In Cat Ba Town, where seafood is abundant, I saw many flat shiny aluminum bowls filled with wriggling eels and fish, no doubt having been extracted from one of the many fish farms that morning ... so far, and I'm sorry to report my lack of courage, no eels for dinner. In fact, I've been a bit of a coward, sticking to chicken as the meat dish of choice, even if prepared Vietnamese style in a variety of soup and noodle settings. As far as the bullfrogs that are kept inside wire-mesh cages, the snake, the larvae, or the dog meat, I've been able so far to steer a wide berth.

Jennifer takes a cooking class tomorrow, complete with a morning visit to the local market. That's a great investment for someone who can taste the delicate flavor of star anise in the pho broth, and can make a wonderful dressing with a pinch of this and a dash of that. Since I treat cooking like a high-school chemistry class -- two teaspoons of this, one tablespoon of that -- I think I'll just stick to the cookbook. I know she hopes to get a better handle on the greens and noodles that are indigenous to this area -- Dori, your penchant for piquant salads and obscure noodles would find complete fulfillment here, as the market stalls devoted to noodles, vegetables and greens have bundles of this and that and stuff that I've never seen before ... and that's before we even get to the fruits. One fruit that we've come to enjoy has a white, crispy meat flecked with black specks. It's know as dragon fruit here, pitaya in the states, and, served cold and sliced, is delicious.

In Hoi An, which Vietnamese claim is one of the culinary capitals of the country despite its relative small size, there are several local dishes we've come to really enjoy, including the aforementioned cao lao, which boasts the local noodle, wheat-based, thick, and square in cross-section, parboiled with some bean sprouts and served in a bowl alongside a gathering of spicy greens (don't ask), and topped with a sauce (don't ask), a few slices of pork, and, yes, I can get this, a few drops of spicy fish oil. Another, banh bao vac, or, "white rose," features tiny dollops of shrimp wrapped in see-through rice-paper and steamed ever-so-briefly. Finally, and my favorite owing to its close resemblance to Doritos, is the local version of fried wontons, where two large sheets of thin dough are laid offset, with a small piece of meat or crab between the sheets, and then flash fried to form a 4" x 4" flat chip of sorts. Served 4 to a plate, and sprinkled with some diced bits of tomato, cilantro (I had to ask Jennifer), and cucumber, it's the local version of nachos .... yum

No discussion of food in Vietnam would be complete however, if I didn't mention that we have found ourselves longing for pizza and hamburgers on a weekly basis, and thus break stride with our efforts to stay local by visiting a local restaurant that serves up some Western food. I mentioned to Jennifer the other day, after enjoying some local food that featured marinated pork and chicken over a barbecue, that a Texas-style BBQ would probably be a big hit here, as long it was served on tiny tables with short chairs.

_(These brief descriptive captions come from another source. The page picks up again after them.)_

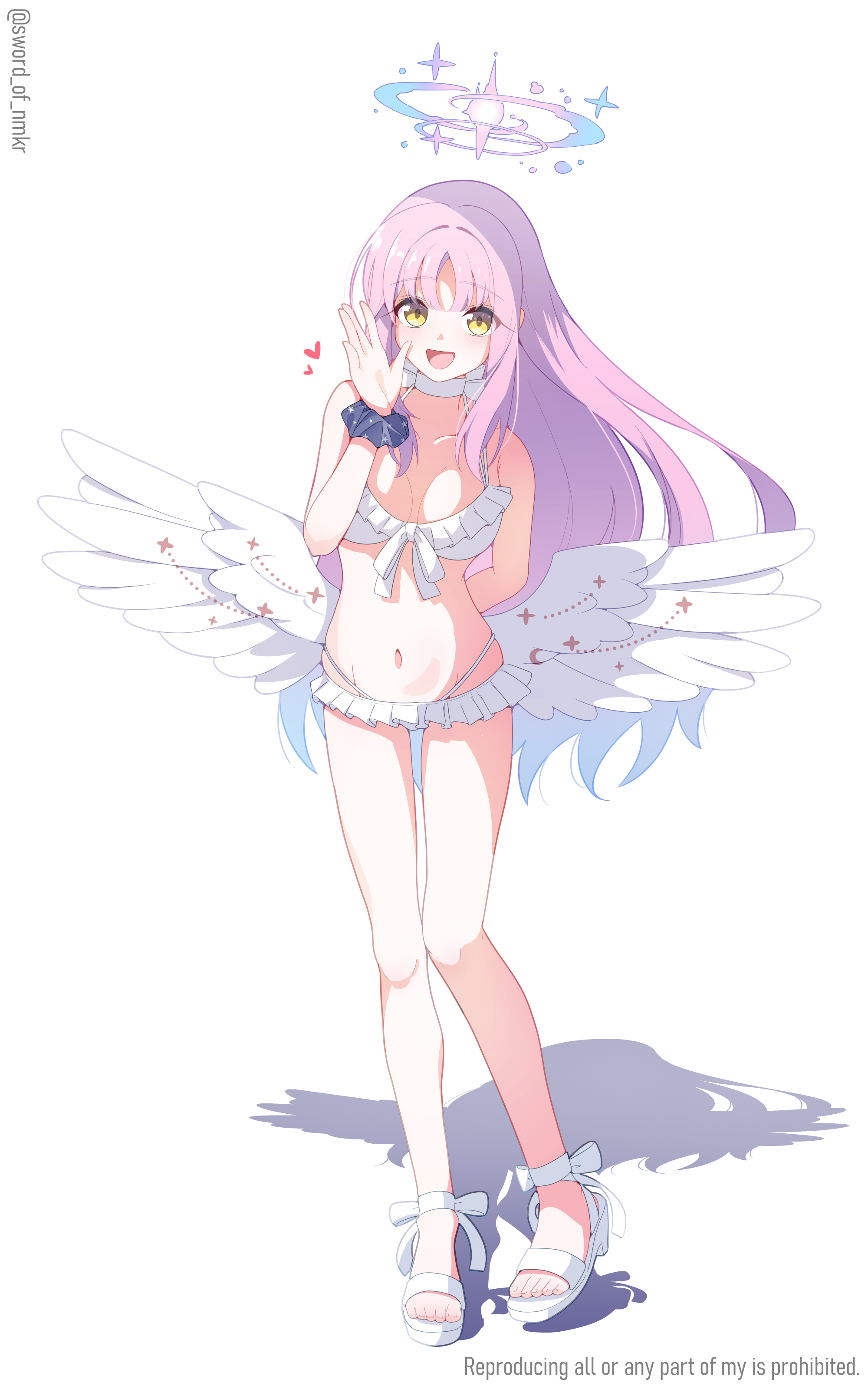 murasame (sword of nmkr), mika (blue archive), mika (swimsuit) (blue archive), blue archive, absurdres, commentary request, highres, 1girl, :d, arm behind back, bare shoulders, bikini, blue hair, blue scrunchie, breasts, breasts apart, feathered wings, gradient hair, halo, hand up, long hair, looking at viewer, low wings, multicolored hair, navel, official alternate costume, open mouth, pink hair, pink halo, sandals, scrunchie, shadow, smile, solo, stomach, swimsuit, very long hair, white background, white bikini, white wings, wings, wrist scrunchie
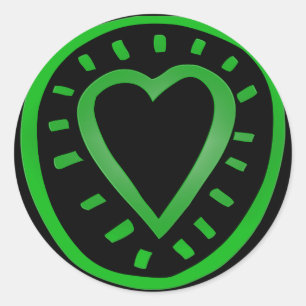 Rond Sticker latéral vert et noir Heart Round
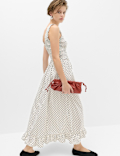 Pure Cotton Polka Dot Ruffle Midi Skater Dress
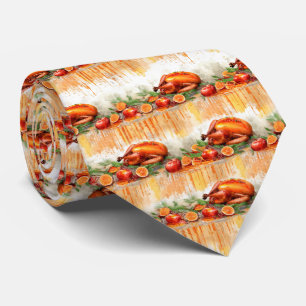 Corbata Pavo de Acción de Gracias con baldosas lindas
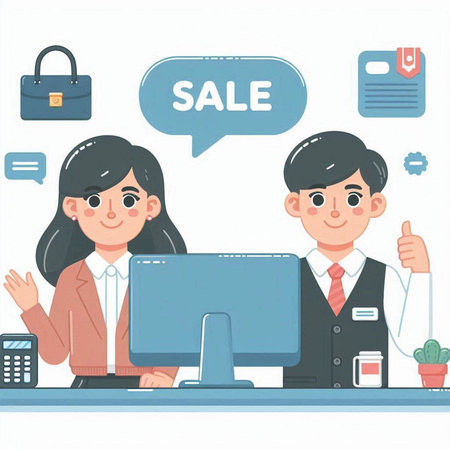 Business man and woman in office. Vector illustration in flat style.のイラスト素材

We've loved the food here in Vietnam -- even if I can't describe most of what I see in the markets. I especially love the colors and sights and sounds of the market; the schizophrenic mix of raw food vendors who don't give a damn about Westerners, contrasted with the finished food vendors who live and die by our purchases; and the overhanging tarps and the food scraps and leaves underfoot. I love the morning energy of the markets, and the afternoon lethargy. I love the small clusters of bored or satisfied vendors that gather to play cards on greasy sheets of cardboard, and I love the shoulder-to-shoulder masses of locals that rely on these markets for their daily sustenance.

I love it all, believe me I do, just don't ask me what anything is, and don't ask me what's in any of the dishes I eat. For that, I need the two of you, Dan and Dori, to partner with Jennifer, and together I'm sure you three could help guide a simple palate through this complicated culinary terrain. Perhaps one day, we make a collective return trip to this part of the world? Until then, I miss you both tons, and please give a great big hug to Louisa and Izzy from both of us.